Of course, there are the free options of the 75-year-old Pattullo Bridge, the Alex Fraser Bridge or the Massey Tunnel. Distance suggests that few Langley residents will choose those options when crossing the river.

Many mayors have suggested that a region-wide tolling policy, of perhaps $1 per crossing, could bring in extra revenue for TransLink and bring about fairness for all who use bridges and tunnels. No longer would drivers be punished, based on where they live.

This is a sensible alternative and would still allow the province to recoup the funds it is using in building the new bridge and improving Highway 1 from Langley to Vancouver. But Clark can’t see that.

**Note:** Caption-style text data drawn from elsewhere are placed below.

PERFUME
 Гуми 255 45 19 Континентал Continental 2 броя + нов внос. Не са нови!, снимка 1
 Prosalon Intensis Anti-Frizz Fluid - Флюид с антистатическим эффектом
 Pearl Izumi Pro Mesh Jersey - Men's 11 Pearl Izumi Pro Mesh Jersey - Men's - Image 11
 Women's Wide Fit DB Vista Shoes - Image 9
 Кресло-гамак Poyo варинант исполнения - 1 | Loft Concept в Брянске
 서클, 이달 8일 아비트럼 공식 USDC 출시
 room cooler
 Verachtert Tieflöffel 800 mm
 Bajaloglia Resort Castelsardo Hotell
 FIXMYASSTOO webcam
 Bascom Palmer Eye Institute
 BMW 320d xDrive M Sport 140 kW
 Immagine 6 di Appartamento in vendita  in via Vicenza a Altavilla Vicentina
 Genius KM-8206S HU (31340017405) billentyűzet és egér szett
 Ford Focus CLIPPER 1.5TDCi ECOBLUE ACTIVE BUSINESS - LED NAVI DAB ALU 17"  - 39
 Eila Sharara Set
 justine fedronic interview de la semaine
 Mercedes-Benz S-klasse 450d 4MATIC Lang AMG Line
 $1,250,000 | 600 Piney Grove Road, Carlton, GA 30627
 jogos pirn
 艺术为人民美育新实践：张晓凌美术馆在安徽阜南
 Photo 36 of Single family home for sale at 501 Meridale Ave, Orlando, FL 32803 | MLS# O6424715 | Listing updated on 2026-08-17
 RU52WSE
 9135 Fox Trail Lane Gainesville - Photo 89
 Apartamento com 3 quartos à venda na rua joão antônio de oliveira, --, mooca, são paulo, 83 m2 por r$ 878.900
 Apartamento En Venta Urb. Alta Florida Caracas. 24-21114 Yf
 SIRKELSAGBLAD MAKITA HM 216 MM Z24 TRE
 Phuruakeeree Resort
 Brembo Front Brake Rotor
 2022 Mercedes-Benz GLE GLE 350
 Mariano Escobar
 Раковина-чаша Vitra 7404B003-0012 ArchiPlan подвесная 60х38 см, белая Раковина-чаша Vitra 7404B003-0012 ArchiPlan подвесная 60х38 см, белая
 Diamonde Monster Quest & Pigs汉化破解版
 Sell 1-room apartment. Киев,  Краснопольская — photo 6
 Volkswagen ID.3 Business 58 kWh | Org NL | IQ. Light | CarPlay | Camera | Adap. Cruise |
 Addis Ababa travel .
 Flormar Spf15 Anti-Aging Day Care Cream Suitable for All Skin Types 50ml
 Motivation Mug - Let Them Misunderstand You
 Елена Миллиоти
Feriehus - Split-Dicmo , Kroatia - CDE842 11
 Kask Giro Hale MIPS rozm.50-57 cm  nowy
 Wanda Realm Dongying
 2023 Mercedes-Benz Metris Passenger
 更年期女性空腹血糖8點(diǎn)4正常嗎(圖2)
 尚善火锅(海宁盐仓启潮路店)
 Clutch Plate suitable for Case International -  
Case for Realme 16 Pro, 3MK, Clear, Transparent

Despite the fact that her government has brought in no less than 50 reviews of the Gordon Campbell government’s policies on a wide variety of subjects, she can’t see the wisdom of reversing the Campbell tolling policy. Nor can she understand why South Fraser residents see it as unfair that the new Sea-to-Sky Highway isn’t tolled, but the new Port Mann Bridge will be.

Her South Fraser MLAs have been silent on this policy as well, which is surprising, as it may be a major factor in their electoral fortunes next year. Regular users of Highway 1 from as far east as Chilliwack will be affected by this inequitable policy, and the results in the pending Chilliwack-Hope byelection may prove to Clark that Fraser Valley voters don’t believe in being treated unfairly.

Clark was seen as the potential saviour of the sliding BC Liberals when she became party leader last spring. Her reviews of many Campbell policies are designed to show that she wants to do things differently. Why is she being so stubborn on this policy?

The premier needs to take a page from legendary B.C. Premier W.A.C. Bennett and take a “sober second look” at a policy that punishes people based on where they live. Such second looks allowed Bennett to stay in power for 20 years.